Não, não ficaria, pelo menos na nossa lei. Os filhos de A serão todos tratados por igual. O que importa é que são filhos de A, independentemente de quem é o outro progenitor, logo, os respectivos quinhões na herança de A têm todos o mesmo valor. Acontece, porém, que o cônjuge C também é herdeiro de A. Na nossa lei o cônjuge concorre sempre com os filhos e pais (se for o caso) do falecido e a sua parte na herança não pode mesmo ser inferior a um quarto. Suponho que será por isso que diz que C1 seria privilegiado, mas de facto tal não acontece senão potencial e indirectamente, apenas quando C morrer e partindo do pressuposto de que C sobrevive a A (pode,efectivamente, ter falecido antes deste). C sobrevivo, entretanto, até pode ter dado cabo de tudo e, à data da sua morte, já não restar nada do que recebeu de A mas, de qualquer forma, na partilha da fracção da herança que cabe aos filhos de A eles são todos tratados por igual. (Nem sempre foi assim, como disse. No regime dos morgadios o mais velho herdava tudo e, enquanto vigorou a distinção entre filhos legítimos e ilegítimos, estes eram discriminados, recebendo apenas metade do que cabia aos outros irmãos).
Também não me parece estranho essa dupla qualidade. Depende do que tomarmos como referência. Se o casal AC, é filho único, se apenas A, é o filho mais novo.


----------



## machadinho

Não sabia! Grato pelo esclarecimento, Cafer.


----------



## FloMar

guihenning said:


> No Brasil eu só ouvi o termo ser usado sem que varie em gênero. É substantivo comum de dois. «eu sou o filho caçula», «ela é a irmã caçula». Se o caçula for muito mais novo que os demais, alguns dirão «temporão», mas este último já praticamente em desuso.

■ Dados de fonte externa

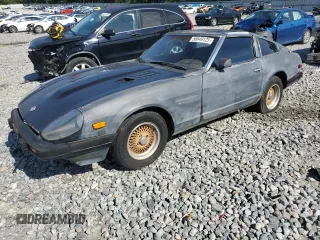 1982 Datsun 280ZX z VIN JN1HZ04S1CX447813, wystawiony jako Copart lot #56649125 z przebiegiem 285 290 mil mil oraz Tytuł czysty. Historia ofert i sprzedaży dostępna na DreamBid. Obrazek 1.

Numa famíila de dois irmãos em que  o menino é mais idosa do que a menina, se diz que 'a menina é *a *caçula'?


----------



## guihenning

Sim, numa família em que o irmão é mais velho diz-se que a filha é a caçula ou a mais nova, simplesmente.
«_ela é a caçula_», «_ela é a filha mais nova_»


----------



## Guigo

No Brasil, pode-se distinguir _caçula_, como o mais novo de um grupo qualquer: profissionais de uma determinada área, colegas de trabalho, atletas, músicos, etc.
Também ocorre, especialmente no beletrismo e afins, o termo _benjamim_, indicando o mais jovem de uma geração de escritores, poetas, artistas em geral, políticos de um partido, jornalistas, etc.


----------



## DannyDJ

O termo "caçulo" é bem conhecido pelos brasileiros de todas as idades, ou geralmente é usado apenas pela geração mais velha?


----------



## guihenning

Parece-me ser termo bem comum e entendido por todos. Só conheço o adjetivo “caçula” para ambos os gêneros. O dicionário até abona “caçulo”, mas nunca me deparei com essa forma.


----------



## FloMar

É possível dizer *sou caçula,* *sou avó* etc.  (sem o artigo) para designar relacionamentos familiares (de forma muito geral)?


----------



## guihenning

Para mim, avó, mãe, filho, etc soam bem sem artigo para generalizar, mas 'caçula' sem artigo me soa um pouco estranho. Eu diria "sou o caçula de três [filhos]", "sou pai de dois meninos", "sou mãe de dois adolescentes", "sou avó de três netos maravilhosos" etc…
Mas creio ser mais uma questão de eufonia pessoal do que regra _não dita_. Pode haver outros brasileiros com percepções distintas da minha.


----------